En cuanto a la escena francesa, óperas como Parade (1917) o el ballet Relâche (1924) de Erik Satie marcaron una línea de colaboración con artistas plásticos entre los que se encuentran Picabia, Matisse, Picasso o Man Ray. Otra obra imprescindible de Satie que contribuye al cambio es La piège de Medusa, escenificada en 1948 en el Black Mountain College (Carolina del Norte), coincidiendo con la estancia de John Cage y Merce Cunnigham.
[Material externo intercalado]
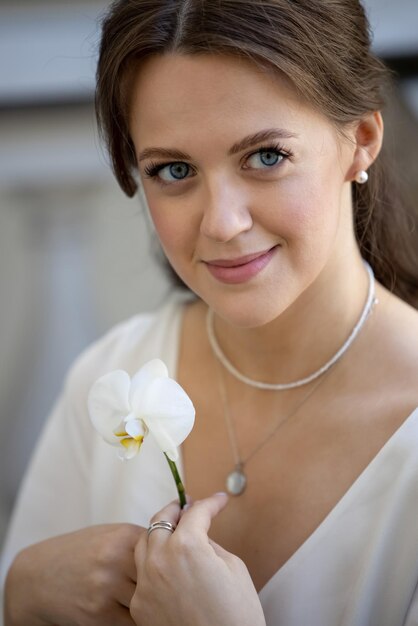 Bride holding white orchid flower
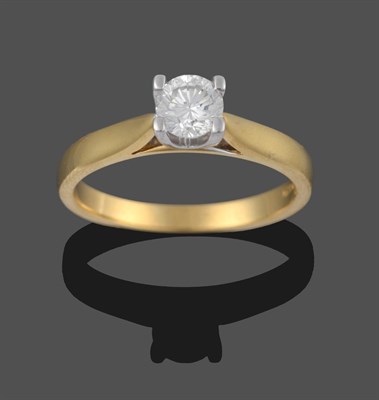 Lot 3275 - An 18 Carat Gold Diamond Solitaire Ring, a round brilliant cut diamond in a white claw setting,...
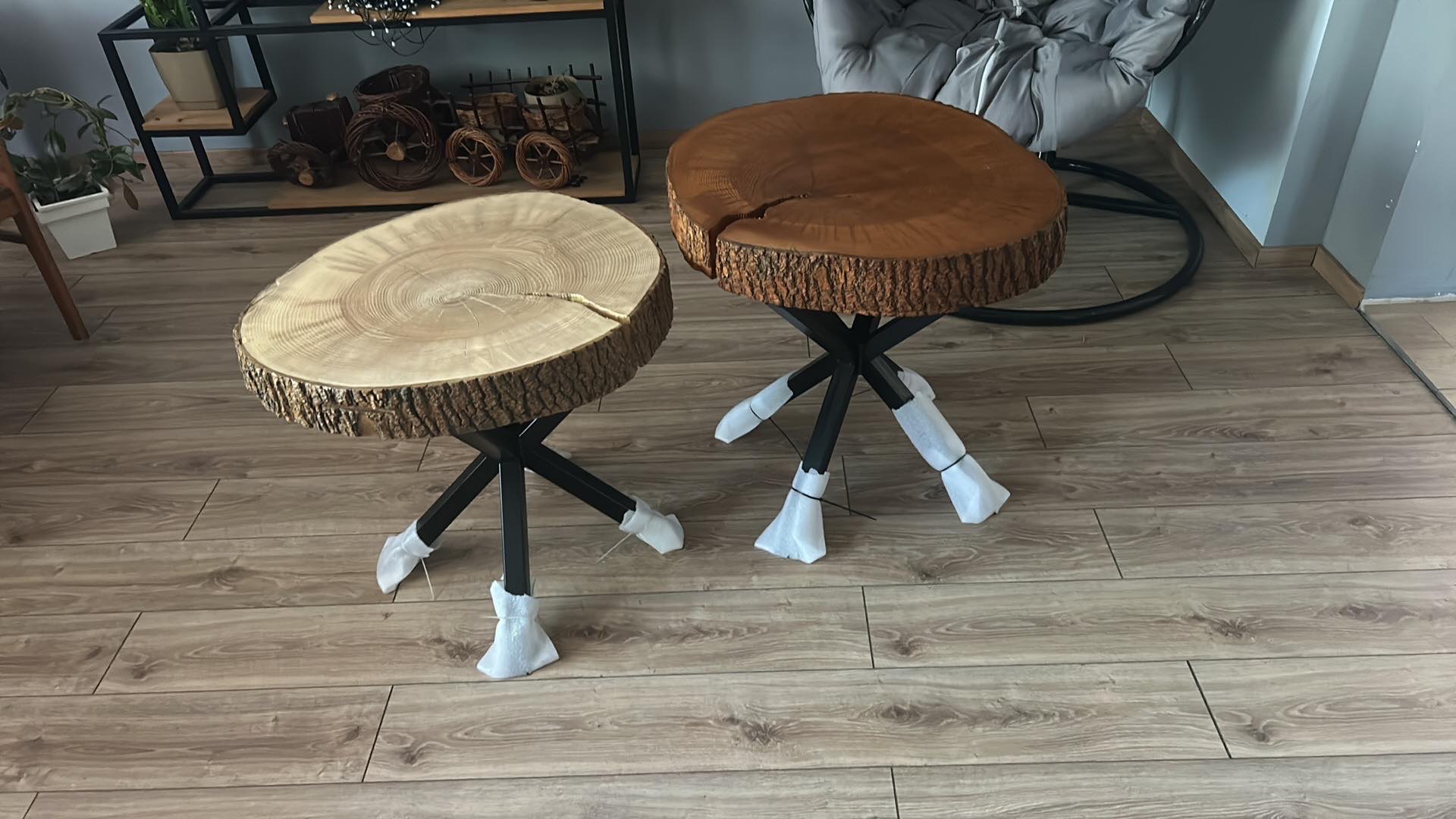 Dwa stoliki kawowe z blatami z plastrów drewna o naturalnej korze, na metalowych nogach z zabezpieczeniami transportowymi, ustawione na podłodze z paneli.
El BMC fue un lugar de referencia obligada; a partir de las actividades allí desarrolladas desde 1945 se pueden comprender los cambios más significativos que traducen el concepto tradicional de ópera en términos de acción musical, del happening en sentido original y de performance en un sentido específico. Cage, atraído por los planteamientos escénicos de Antonin Artaud, inició una nueva transformación de la música en acción sonora pero asimismo, y sobre todo, en acto visual y temporal. Se inició entonces una línea de expresión inédita que ponía en contacto la creación escénica norteamericana con la española a partir de la presencia de Juan Hidalgo en el BMC, de sus contactos asiduos con lo que se conocería como movimiento Fluxus –manifiesto fundacional de 1952- y de su relación con los músicos Dick Higgins, Alison Knowles, Wolf Vostell, el arquitecto George Maciunas y el director de cine Nam June Paik. Todo ello acabó encontrando eco español en el grupo Zaj –Juan Hidalgo, Walter Marchetti, Ramón Barce, y luego otros nombres como José Luis Castillejo, los hermanos Cortés, Esther Ferrer y Tomás Marco.
La música escénica española durante la segunda mitad del siglo XX tiene por tanto unos antecedentes precisos, rastreables en su práctica totalidad a partir de trayectorias iniciadas por compositores que tenían una presencia efectiva en la escena internacional europea y americana, teniendo en cuenta que la ópera estrictamente contemporánea gozaba de escasa repercusión en las programaciones de Madrid y Barcelona en los años cincuenta y sesenta.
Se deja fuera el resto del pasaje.